SQL Server 2017 – Understanding SQL Availability Groups

availability-groupssql-server-2017

I have a question in regards to SQL Standard availability groups. I currently have an AG setup with one primary and one secondary replica. I am using synchronous commit but was curious about asynchronous. How far will/can the secondary replica be behind? If the secondary replica goes offline for any reason will it catch completely up once it comes online? How long can the secondary be down before it will not catch up? I understand the difference between the 2 commit types (one verifies the transaction was committed before handing back to the application whereas the other commit type doesn't). What I am not sure of is how long the secondary can be offline in an asynchronous commit type.

Best Answer

How far will/can the secondary replica be behind?

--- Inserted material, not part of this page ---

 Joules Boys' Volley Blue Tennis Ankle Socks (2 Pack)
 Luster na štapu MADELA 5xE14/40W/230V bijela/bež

That depends on a number of factors. Network speed between the 2 nodes, disk speed on the secondary, volume of data being transmitted. Many of these KPIs are in the AG Overview dashboard (Right-lick the AG in SSMS and select 'show dashboard'). You can select a slew of different metrics including log send queue, log redo queue, estimated recovery time, estimated data loss, etc. As stated in the comments below from scsimon, when in asynchronous, the secondary isn't every truly 'caught up'. It will always show a 'synchronizing..' status and not 'synchronized'.

If the secondary replica goes offline for any reason will it catch completely up once it comes online?

Yes. Also worth noting that during the time where your secondary replica is unavailable/disconnected, you will not be able to back up any transactions from the log that haven't been sent to the secondary. In in sys.databases the column log_reuse_Wait_desc will be populated with 'AVAILABILITY REPLICA' as transactions cannot be flushed out unless they are committed on the secondary.

How long can the secondary be down before it will not catch up?

The secondary won't just 'not catch up'. If you take the secondary down (without removing it from the AG), log backups won't flush transactions out, log files will fill up and then you'll run out of room, causing any future transactions to fail. The secondary server's amount of time that it can be down is largely dependent on how much space you have and what your transactional volume is. Once the secondary comes back up, it will begin applying transactions that occurred while it was down. I've seen this take from a few minutes to several hours.

For brief outages/patching, leaving the secondary connected is fine, but if you're looking at a long duration outage, it may be easier to just remove the secondary replica and not worry about the hassle of log files filling up. Then you just re-initialize the DBs into the AG once the outage completes.